Este sistema de oferta de produtos melhores e mais baratos e de punição dos piores gestores empossa o consumidor como rei. Como dizia Ludwig von Mises, “lucros e prejuízos são o mecanismo pelo qual os consumidores redirecionam a gestão da produção àqueles mais qualificados para atendê-los”.
Todos concordamos que as empresas e seus funcionários devem ser éticos e agir sempre com boa conduta. Algumas empresas, no entanto, optam por ir além do estrito cumprimento da legislação quanto aos funcionários, seus sócios minoritários, a comunidade a seu redor e ao meio ambiente.
A empresa que alinha bons valores com estratégia de longo prazo tende a ser mais responsável e assim conquistar mais clientes. Ademais, uma melhor reputação protege a empresa de abusos governamentais e legais. Ou seja, em geral é bom negócio ir além da legislação e da ética restrita.
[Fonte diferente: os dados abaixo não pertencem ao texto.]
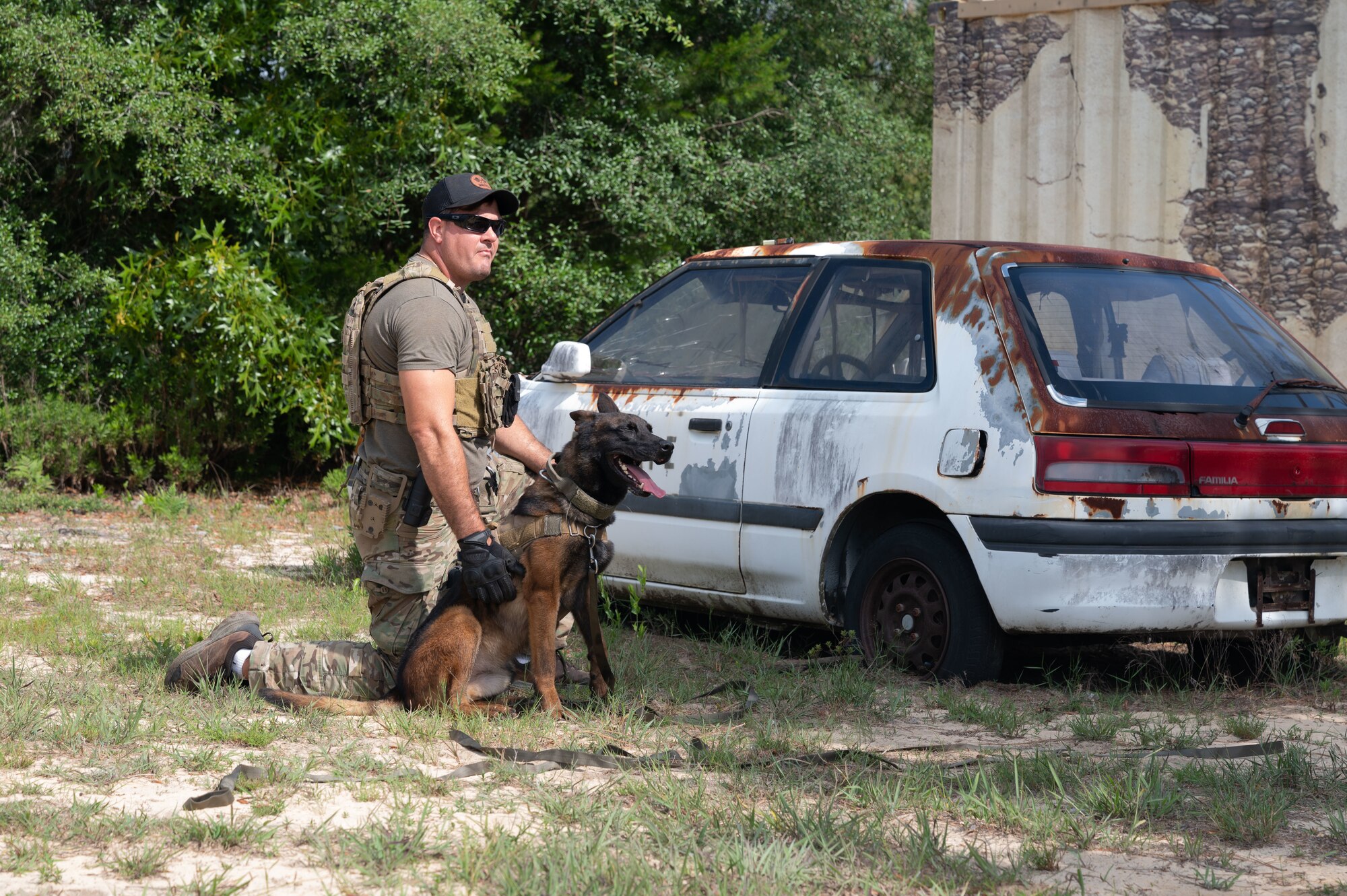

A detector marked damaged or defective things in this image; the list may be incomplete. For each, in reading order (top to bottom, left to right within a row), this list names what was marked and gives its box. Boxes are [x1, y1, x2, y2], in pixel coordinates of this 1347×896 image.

Porém, programas de ESG e RSE têm sido comumente instrumentos de abusos de curto prazo por executivos que fazem caridade com dinheiro dos acionistas por interesse próprio ou para sinalizar virtude, puxar as ações e embolsar seus bônus anuais. Quando fica clara a conta financiada pelo investidor, o executivo pode já estar em outra empresa.
A WeWork ficou famosa por fazer maciço marketing de bondade social, beneficiar seu acionista controlador com uma avaliação de US$ 50 bilhões e beirar falência algumas semanas depois.
As grandes empresas auferem vantagens em impor padrões hiper-rígidos ao mercado pois se protegem da competição contra pequenas empresas que não têm recursos para cumpri-los.
O executivo investido de poderes para fazer “responsabilidade social” preterindo o interesse de seus acionistas age como um governo interno, impondo uma espécie de imposto. E esta não é a especialidade do executivo, mas de instituições especializadas.
Em suma, não devemos delegar nossa responsabilidade pessoal para o governo ou empresas. É dever de cada um de nós combater a miséria e as injustiças.